# iTunes 7.4 (Win) Error Message



## 8127972 (Sep 8, 2005)

I just installed the Windows version of iTunes 7.4 and got this error:

"iTunes could not connect to the iTunes Store. An Unknown error occurred (11333). Make sure your network connection is active and try again."

Then when I clear the dialog box, I can then surf the iTunes store. This happens on any XP computer I have installed iTunes 7.4 on, but it doesn't happen (at least it hasn't so far) on any of my Macs (perhaps a message from The Steve?). All of the affected computers are on different ISP's. 

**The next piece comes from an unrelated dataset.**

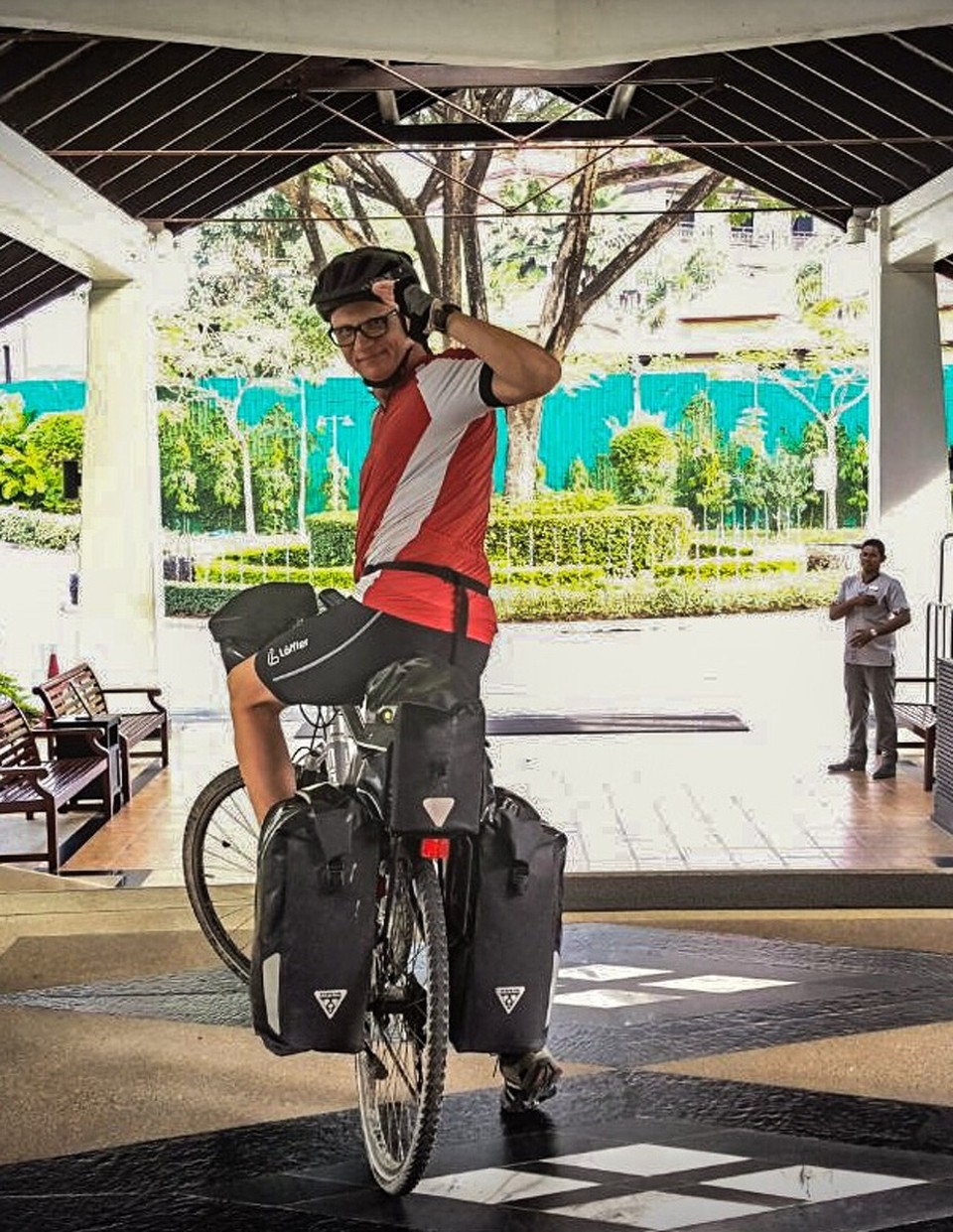 Thailand - Amphoe Ko Lanta - Lucky Luke reitet wieder. Ab jetzt geht es alleine weiter. Kurswagen nach Singapur fährt ab.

Anybody else seen this, and more importantly solved this?


----------



## The Doug (Jun 14, 2003)

Same problem for me here at work on my WinXP Dell. 

Clearing the dialogue box does let the iTMS finish loading. But I don't use the iTMS at work anyway, I just listen to streaming web radio.

I don't see any buzz about this error on the Apple Discussion Boards... yet.


----------



## 8127972 (Sep 8, 2005)

There is buzz now:

Apple - Support - Discussions - Error 11333 ...


----------



## 8127972 (Sep 8, 2005)

The issue has fixed itself on the XP boxes that I have access to. Can anybody else confirm this?


----------